In the last few years one of the promising reforms introduced in higher education has been the cost calculators on college websites, which are supposed to “provide individual families with a good idea of what they will have to pay based on their own circumstances.”
The idea is that a potential student could figure out easily what it would really cost him to go to the school he wanted to attend. That way he might be better position to understand real cost and make informed decisions about where to go to college.
It hasn’t really worked out so well. According to an article by Liz Weston at Reuters:
The calculators that Congress has forced schools to provide since 2011 are often hard to find, vary widely in quality and should be used with some caution.
One quarter of the 50 colleges randomly selected by the Institute for College Access and Success (ticas.org) did not have links to their calculators on the financial aid or costs sections of their sites. Even when the calculator was on a relevant page, it was rarely posted prominently, the survey found.
Five of the 50 schools confused matters further by using some other name for the tool, such as “education cost calculator” or “tuition calculator.”

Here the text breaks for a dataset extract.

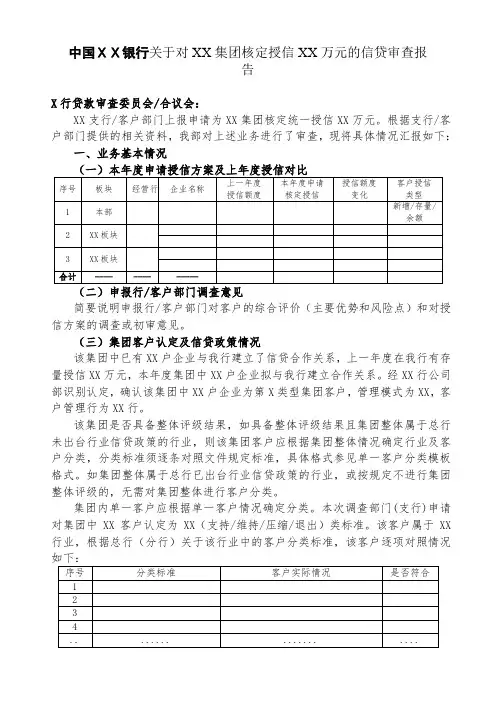 银行关于对XX集团核定授信XX万元的信贷审查报告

It does appear to be possible to figure out how to compare schools, but not by using the same method at each school.
In some schools the cost calculator is pretty well disguised.
To find New York University’s calculator, for instance, users must click on three tabs – “Admissions,” “Financial Aid and Scholarships” and finally “Financial Aid at NYU.” At University of Pennsylvania, it takes four clicks to find the net price calculator, which is highlighted in a small blue box.

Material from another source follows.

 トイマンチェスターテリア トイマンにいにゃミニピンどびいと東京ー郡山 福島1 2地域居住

Harvard College, by contrast, posts its calculator on its financial aid home page, under the headline “You Can Afford Harvard.”
This is telling. While no school is ever going to write “the average students leaves here $60,000 in debt and regretting the decision” underneath the pictures of attractive, multi-ethnic kids have a class discussion on the lawn, there’s making the cost calculator a little hard to find, and then there’s outright hiding it. Most schools don’t want you to think about the money. Some schools really don’t want you to think about the money.
The reality is that Harvard can post a (relatively) prominent message on its admissions and financial aid page saying “you can afford Harvard” because no matter what your financial situation, you actually can afford Harvard (whether or not you can get in is the tough question). The school has enough resources that it can be affordable to anyone. No one has to take on unmanageable debt to go there.
But that’s not true at most schools. NYU (or George Washington University or Syracuse) can’t promise everyone can afford it because it doesn’t have the financial recourses to make that happen. Most Americans can’t afford these schools and have, honestly, no reason to apply to such colleges at all. The debt won’t be manageable.
And that definitely isn’t something those schools want to publicize, because discouraging people from applying would decrease the number of applications, and increase the percentage of applicants who are admitted, and make the schools less attractive.
How deeply the cost calculator is hidden, in fact, might be a good sign of how unaffordable the college really is.